Two weeks ago I began a series called Organizing Myths & Mistakes. So far we've covered Mistake #1 which is over-organizing and Myth #2, doing it the right way. This week I'm exposing Organizing Myth #3: It's Genetic!
Over the years, many clients have expressed a suspcion that their disorganization was a genetic trait handed down through the family like a china pattern. Some things are indeed genetic such as curly hair and cowlicks, and although you're born with a dominant brain type and thinking style, disorganization isn't hard-wired and passed from one generation to the next.
That being said, a disorganized adulthood can be a by-product of childhood years spent in a cluttered, disorganized home, especially if you were never taught organizing skills or saw them modeled by your parents. What many people view as "genetic" disorganization is actually a result of their environment and a lack of skills and habits.
The good news? Just like swimming or singing, organizing can be learned. Although some people have a greater affinity for it than others (just like singing and swimming) anyone can learn organizing skills and use them to improve their lives.
If you believe you're genetically disorganized, here are five basic lessons you may not have learned from your sweet mama, that you can begin practicing today.
1. Store like with like. You keep all your clothes in the same general area right? What if you kept clothing in every room of the house? You'd have a hard time getting dressed every day because you'd never know where to look for anything specific and you'd need to traverse the entire house just to put an outfit together. Group like items together to create families. It's way easier to locate the entire family than an individual item, which could be lurking anywhere in the house.
2. Create homes for as much of your stuff as possible. Do you ever wake up and wonder where your toothbrush is? Nope. It's always the same place you left it, which is probably by the bathroom sink. Apply the same principle to most everything in your home (or office) and you'll save tons of time searching for your things.

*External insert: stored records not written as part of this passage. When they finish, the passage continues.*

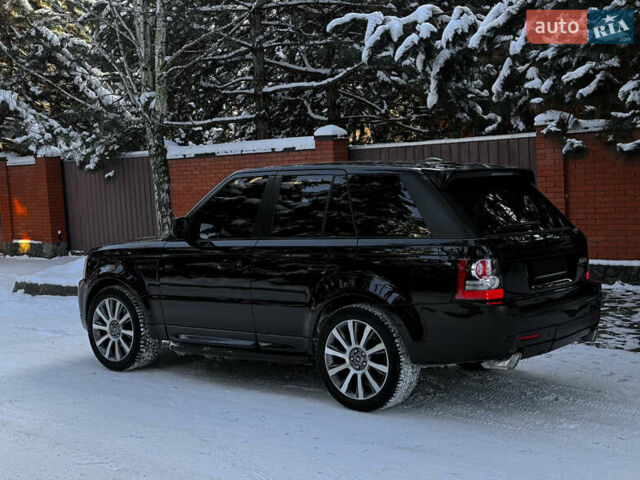 Чорний Ленд Ровер Range Rover Sport, об'ємом двигуна 3 л та пробігом 132 тис. км за 18300 $, фото 1 на Automoto.ua
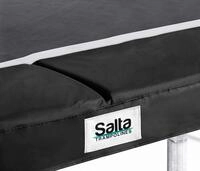 Salta Hochwertiger Schutzrand - rechteckig - 214 x 305cm - Schwarz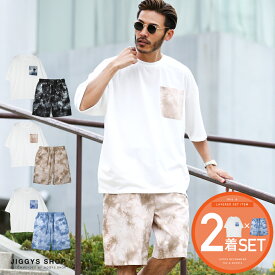 楽天市場 メンズ Tシャツ 短パン 上下セットの通販
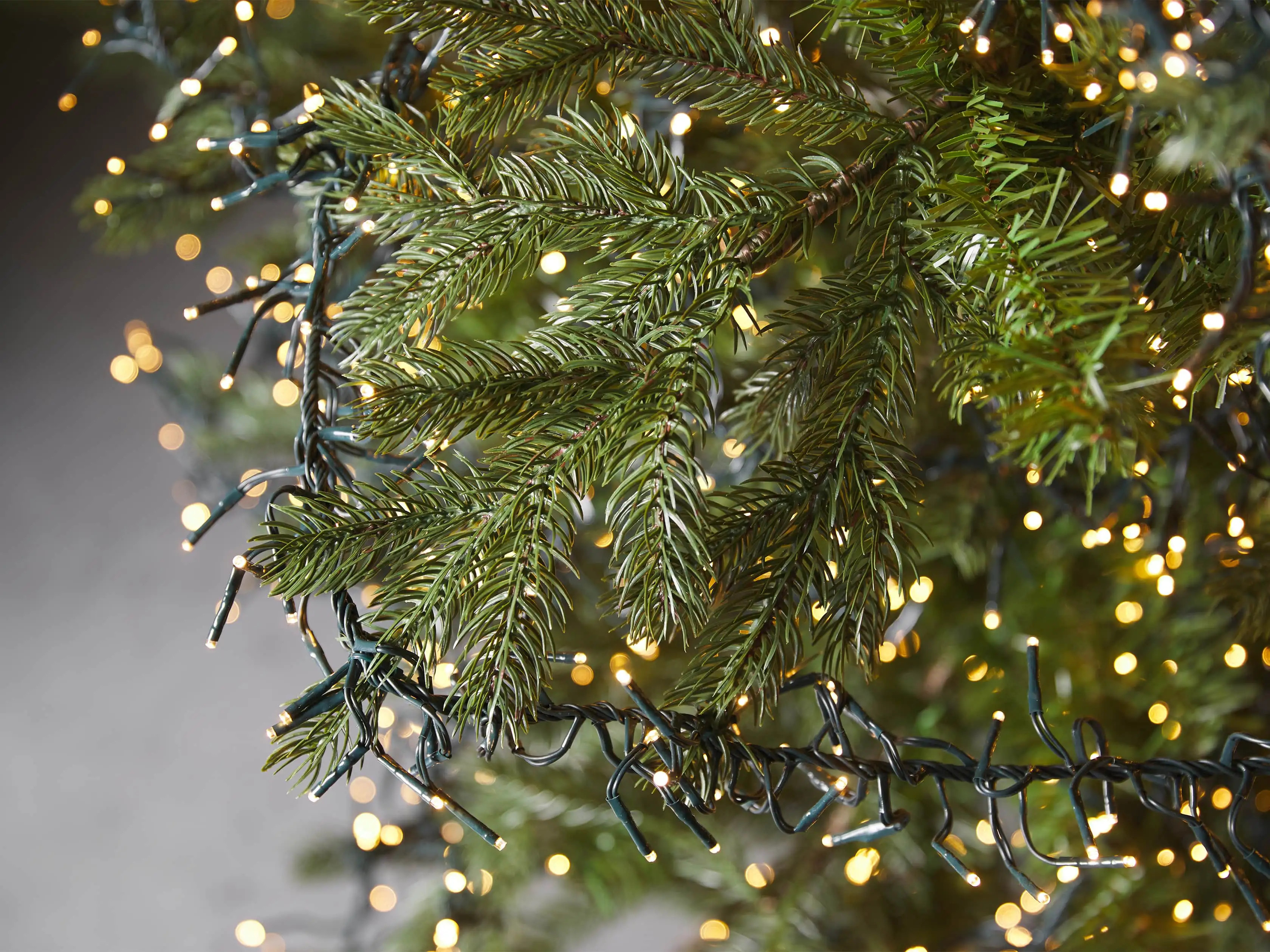 Illuminated Pre-Lit Faux Pine Tree | Arhaus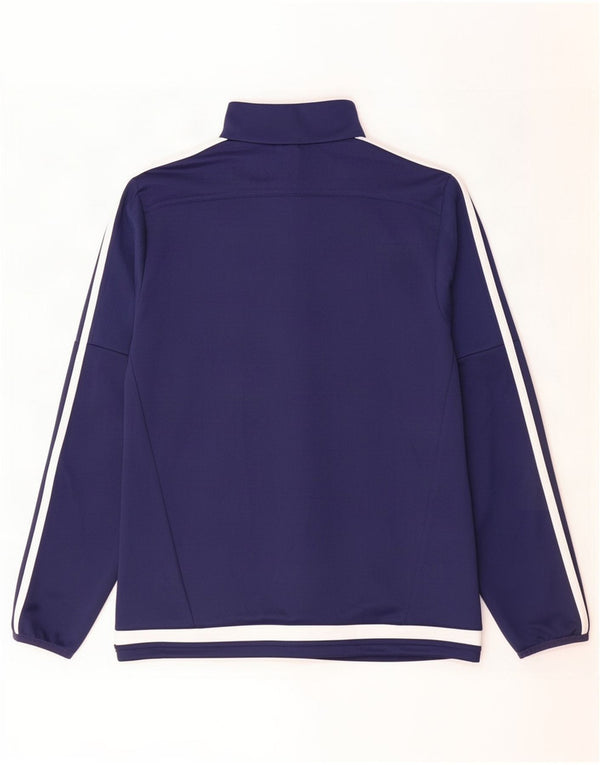 Adidas Mens Climacool Tracksuit Top Jacket XS Navy Blue Colourblock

3. Less is more. Clutter sneaks into your life in many ways, so pay attention to your surroundings. The only way to have less to manage is by noticing what's in your space and always being open to moving it out of your life when it's no longer important or isn't giving you value.
4. Think about retrieval. When choosing homes for items and families of items, think more about retrieving the item, as well as how and when you use it, rather than where to store it. Your goal is to make it super easy to have access to the things you use most often.
5. Store things near where you use them. It seems like common sense but you'd be surprised how many people keep their backstock of toilet tissue on the garage instead of in a bathroom. Think about where you use each item (or category of items), then make space nearby to store those things.
What are you favorite organizing basics that help keep you on track?